PROBLEM DESCRIPTION: Could you restate word for word the lines running from the one with "Women Colorblock Crepe Straight Kurta (Grey,white)" to the end of the data, both ends included, but without pictures?

AVAILABLE DATA:
################

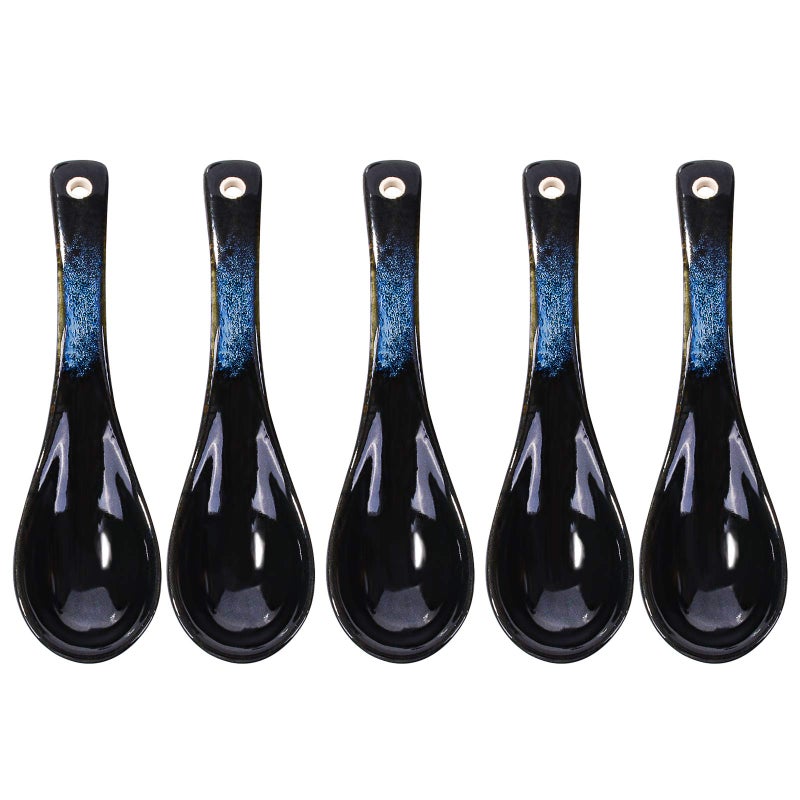 BOSILI Japanese Ceramic Soup Spoon Set of 5 Table spoons for Meals Soups and Ice creams Microwave and Dishwasher Safe Blue and Black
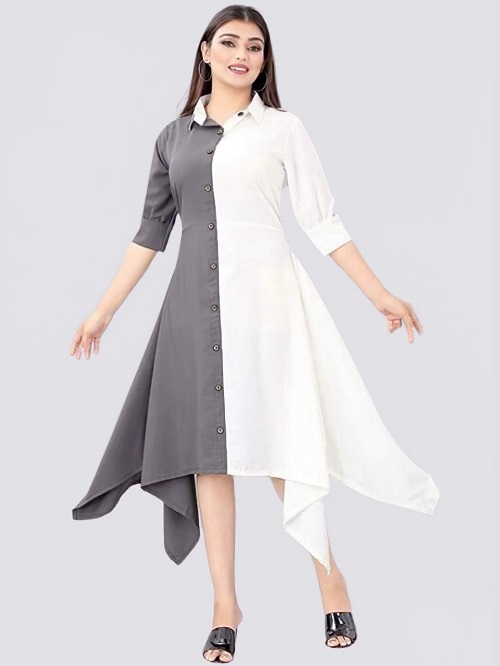 Women Colorblock Crepe Straight Kurta (Grey,white) Women Colorblock Crepe Straight Kurta Grey-white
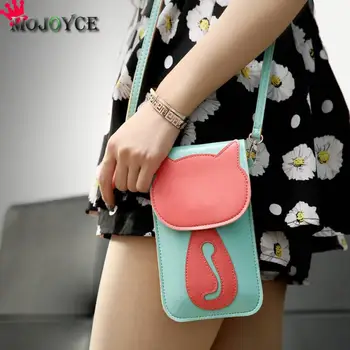 

Fashion Women Crossbody Bags Cute Cat Girls PU Leather Mini Shoulder Messenger Bags Hasp Card Coin Phone Holder Small Purse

################

EXERCISE RESULT:
 Women Colorblock Crepe Straight Kurta (Grey,white) Women Colorblock Crepe Straight Kurta Grey-white

Fashion Women Crossbody Bags Cute Cat Girls PU Leather Mini Shoulder Messenger Bags Hasp Card Coin Phone Holder Small Purse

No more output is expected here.